METdance with Apollo Chamber Players.
Photo by Ben Doyle.
Ask any dancer and they’ll tell you there’s nothing quite like dancing to live music. METdance’s last season included no live music, but that auditory drought ends on April 10 when the company joins the Apollo Chamber Players at the Wortham Center’s Cullen Theater for a program that includes resident choreographer Kiki Lucas’ audience favorite The Vessel, and a world premiere by Jessica Hendricks. “We have a new group of dancers who were looking forward to dancing to live music,” says artistic director Marlana Walsh Doyle. “There are so many music lovers in Houston, and live music is rare with contemporary dance.”
In revisiting The Vessel (2013), with music by Ben Doyle, METdance sought out a chamber orchestra that was interested in collaborating with dance. “We talked to a couple of different groups, and we really enjoyed Matt [Detrick], the director of the Apollo Chamber Players,” says Walsh Doyle. Detrick agreed to play the live accompaniment for The Vessel, and in return the Hendricks’ world premiere would be choreographed to music selected by Detrick, including O Sole Mio and Salento Pizzica, Italian folk songs arranged by Apollo Chamber Players and featured on the group’s European Folkscapes album, including Fantasy on Bulgarian Rhythms by Rice faculty composer and Musiqa member Karim Al-Zand, and Splash of Indigo by Texas A&M faculty composer Marty Regan. Both Al-Zand and Regan’s work were part of Apollo’s 20×2020 commissioning project. This is the first time Apollo has collaborated with a dance company. “It’s not every day that music not originally intended or written for other mediums like dance is integrated into other art forms,” says Detrick. “It speaks to the power and permeability of music and dance.”
After their April concert, METdance will start rehearsing for Sizzling Summer Dance, the company’s annual June show at the Miller Outdoor Theatre.
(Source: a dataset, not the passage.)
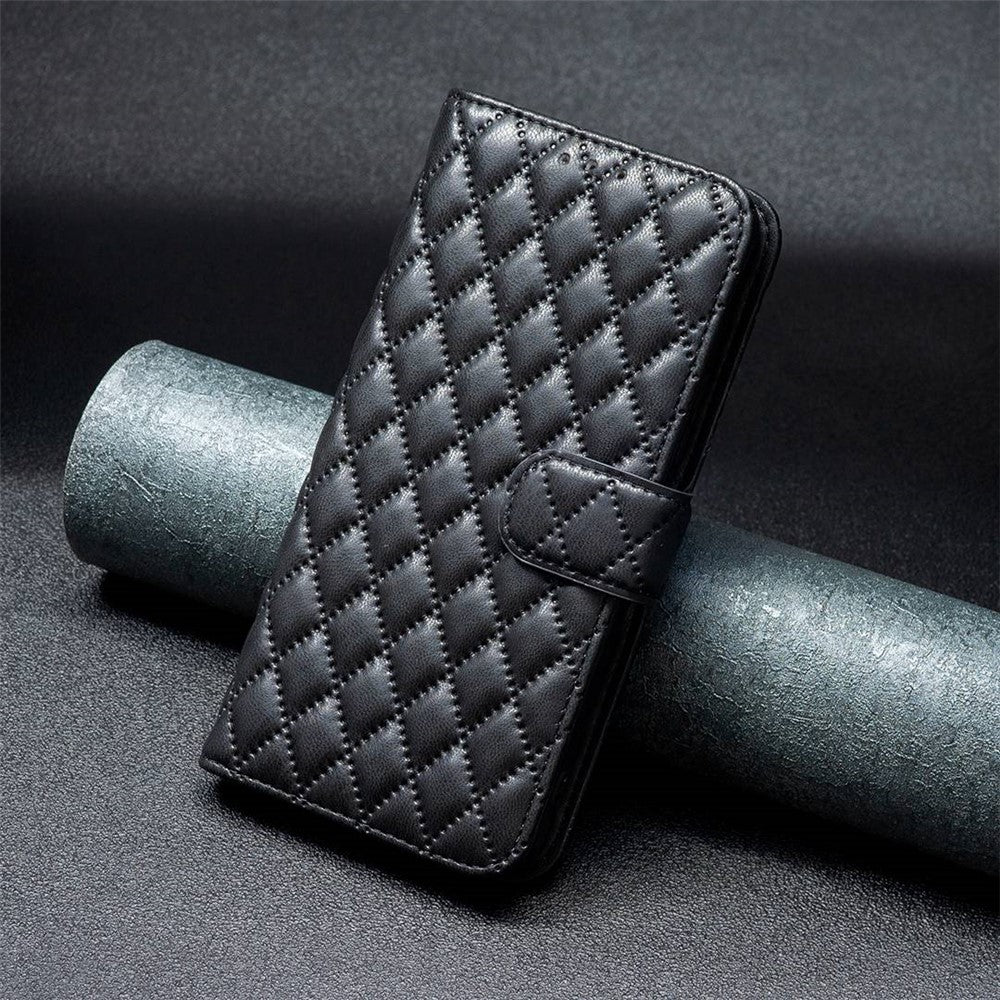 BINFEN COLOR For iPhone 14 6.1 inch BF Style-14 Matte PU Leather Imprinted Rhombus Pattern Case Stand Wallet Cover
This year, the company will present a new work by technologist and choreographer Sydney Skybetter. The piece is still in its developmental stages, with Skybetter planning to set the work later this spring. “I am so excited to be making a work for her ferocious dancers,” says Skybetter. “The piece is going to be ridiculously fun. I’m pulling together some of my favorite music of all time—everything from WHAM! to French disco—to make a dance about gestural communication gone awry. It will be informed by my recent research in human/computer interfaces. I’ve been talking with nerds around the world about how gesture-reading technologies like the Apple Watch (among others) enable and complicate interpersonal communication, and this dance for the MET is the first creative outgrowth of this research.”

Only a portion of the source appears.